Oddly enough, my board crashes after POST if I have the L2 cache enabled with this 2001 BIOS (at 60MHz FSB anyway). But at the same time, enabling the EDO option causes memory performance to skyrocket to unheard of levels for a socket 3 board (75MB/sec)

That´s why I use the Rev.3 supporting up to 1MB cache. Gives the ability to install more ram, which is in cacheable range I guess. But 75MB/sec is impressive. I get 40 MB/s max (at memtest 5.01) using EDO ECC memory. and only at 33Mhz FSB, so kinda boring...
The ECC is important since it´s a productive system.
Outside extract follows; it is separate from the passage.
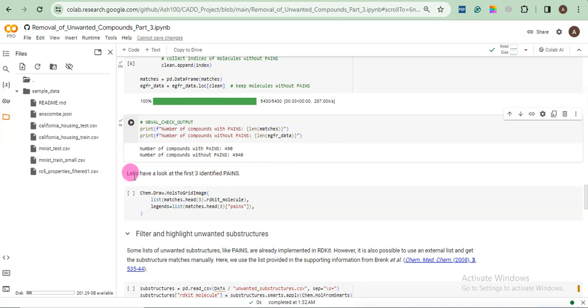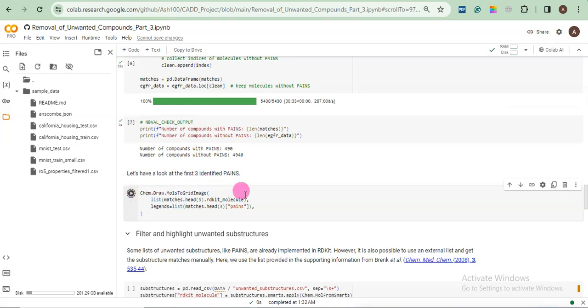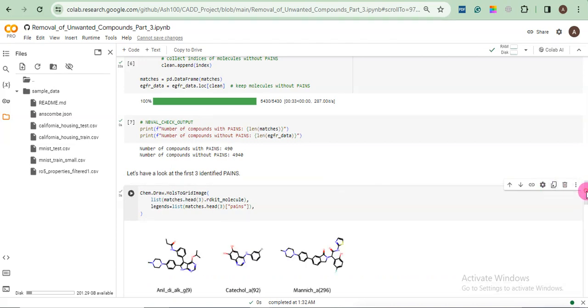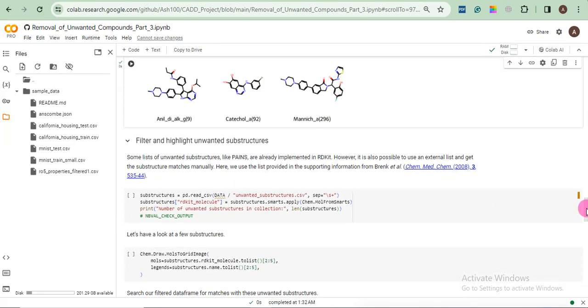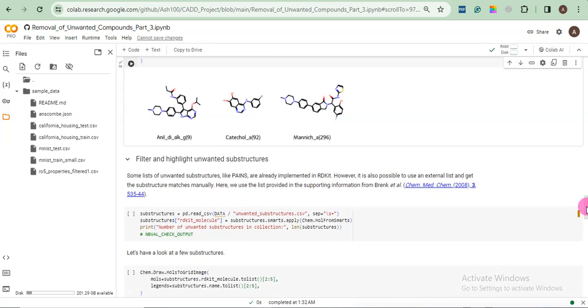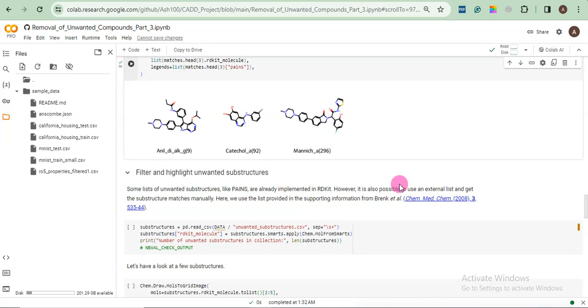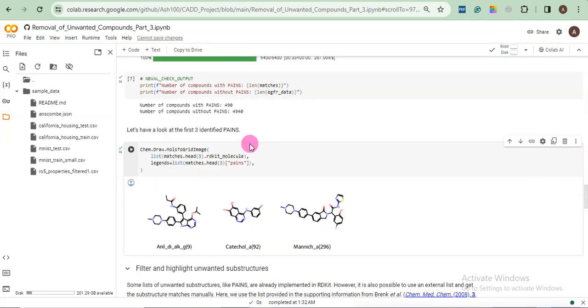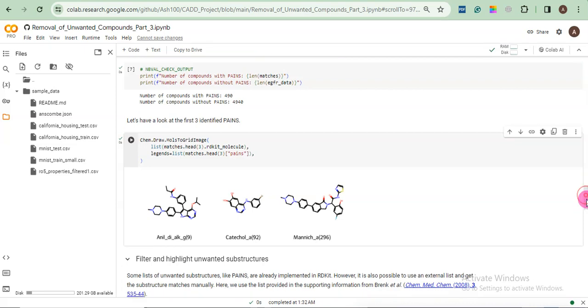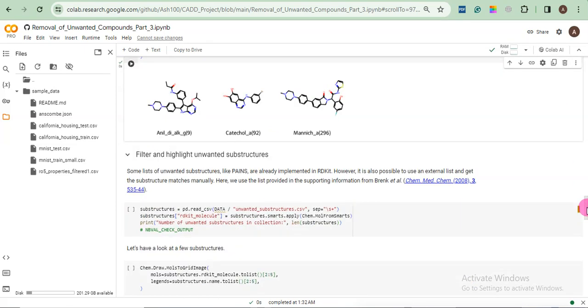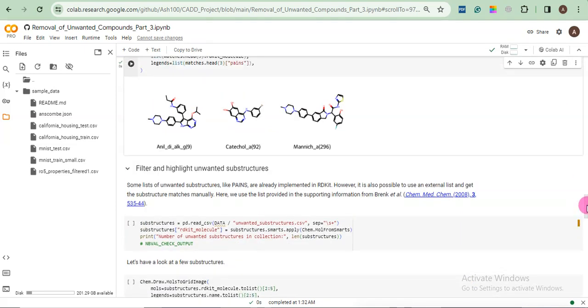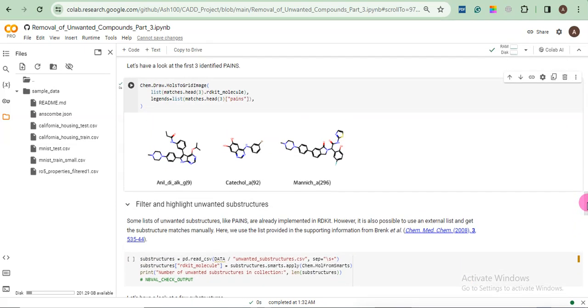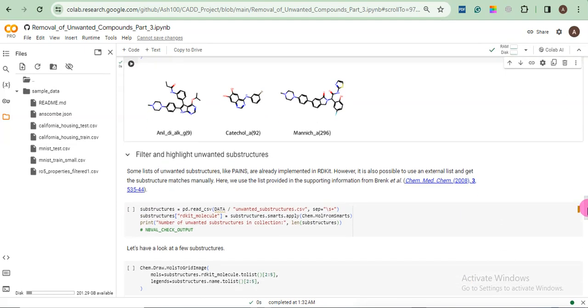Okay. Now here we just want to see the first three PANS. So these are the first three PANS present in our data. In totality, we have almost 490 PANS. But we just showed three PANS. That doesn't matter. If you don't want to see it, it's okay.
I use it to flash ISA GPS receiver cards to support the new Galileo time system for more precision, and put them back into the HP reference Ceasium "atomic" clocks.
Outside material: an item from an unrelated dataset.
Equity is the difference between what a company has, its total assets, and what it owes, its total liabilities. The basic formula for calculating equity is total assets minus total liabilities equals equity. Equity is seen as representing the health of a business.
After all I try to install Windows 7 on the 486 board (yes, really) using a Pentium Overdrive CPU and by putting an ACPI table to the BIOS since Win7 requires it. The stupid HP update tool for the GPS cards only works with Win7 and newer (it´s typically used with more recent cards and the ancient ones are just still in there, but supported).
Tried socket 7 boards with ISA slots, but the cards / updater don´t like them for unknown reasons.

If anyone can help with putting Win7 on a PC without native ACPI support, please let me know. I don´t exactly know how ACPI works, especially since there are boards out there which receive "ACPI support" just by BIOS update, e.g. some early socket 5/7 boards. I always thought a physical ACPI chip had to be installed for it to work.